[Stored items]

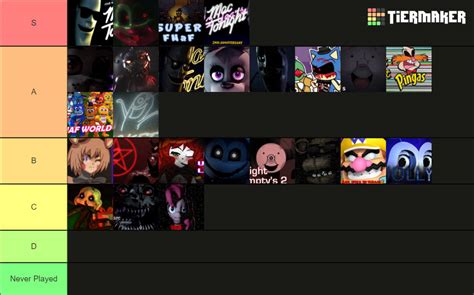 Various FNAF Fangames tier list by Arthur1711 on DeviantArt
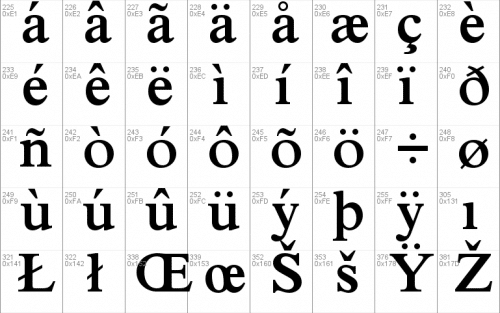 Iskoola-Potha-Font-5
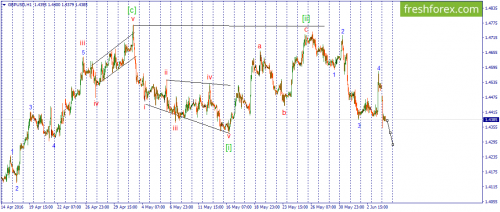 forex-wave-06-06-2016-2.png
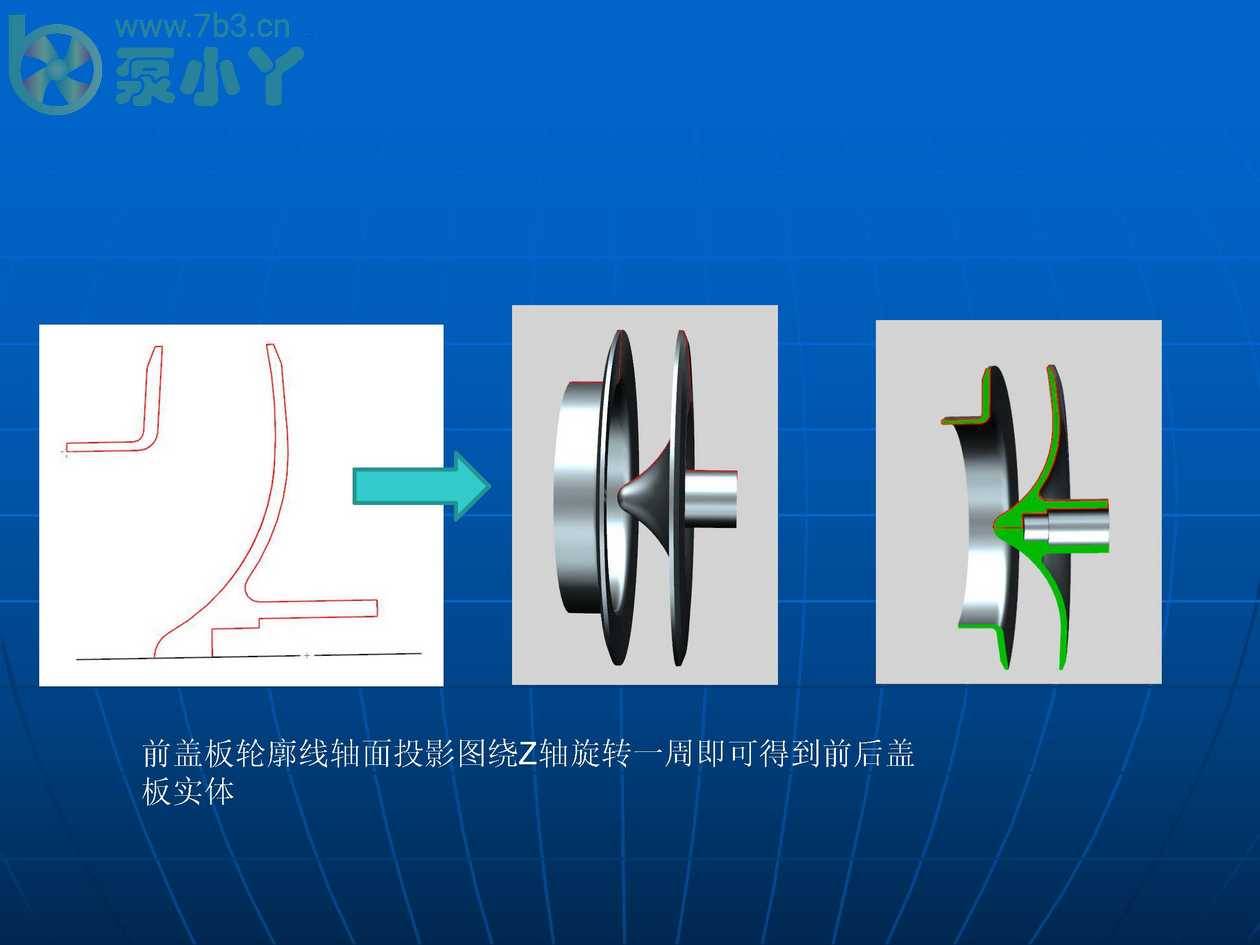 叶片泵水力设计基础2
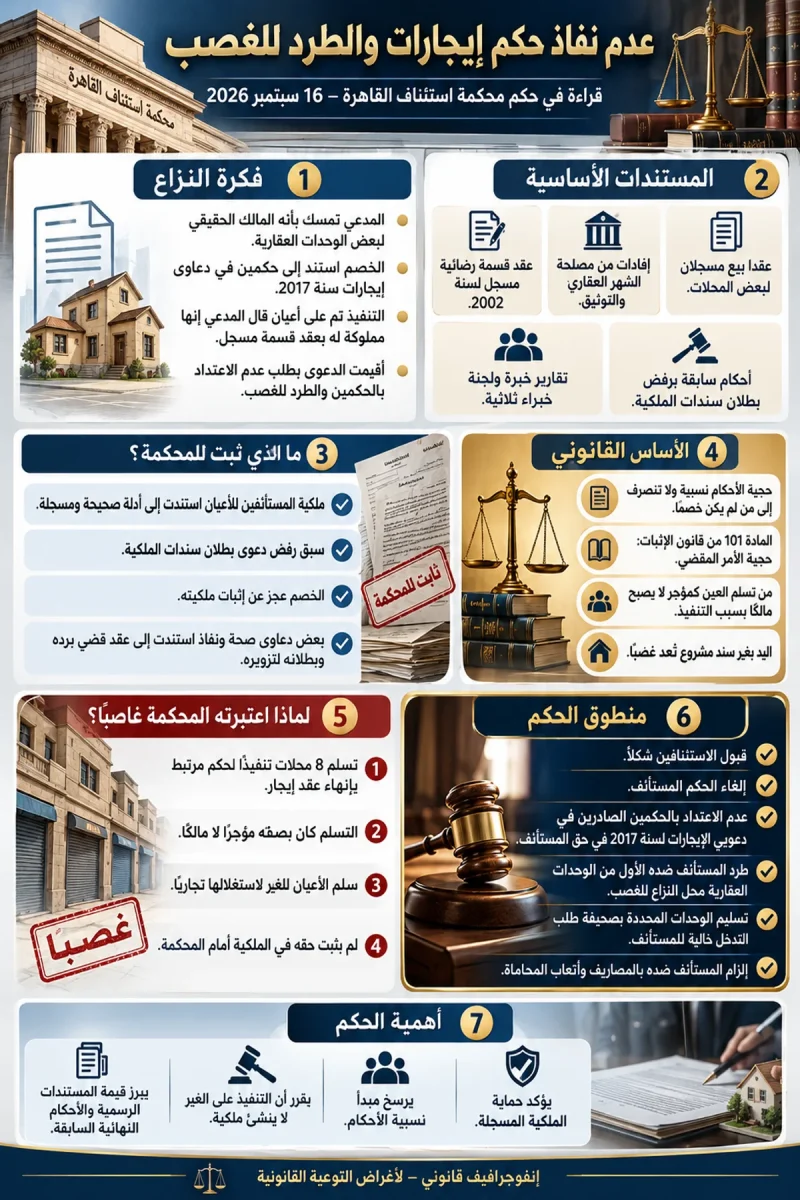 إنفوجرافيك حكم الإيجارات والطرد للغصب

TASK TO CARRY OUT: Exactly repeat only the lines from the one with "forex-wave-06-06-2016-2.png" to the closing line above, both included, and omit every picture.

RESULT BELOW:
 forex-wave-06-06-2016-2.png
 叶片泵水力设计基础2
 إنفوجرافيك حكم الإيجارات والطرد للغصب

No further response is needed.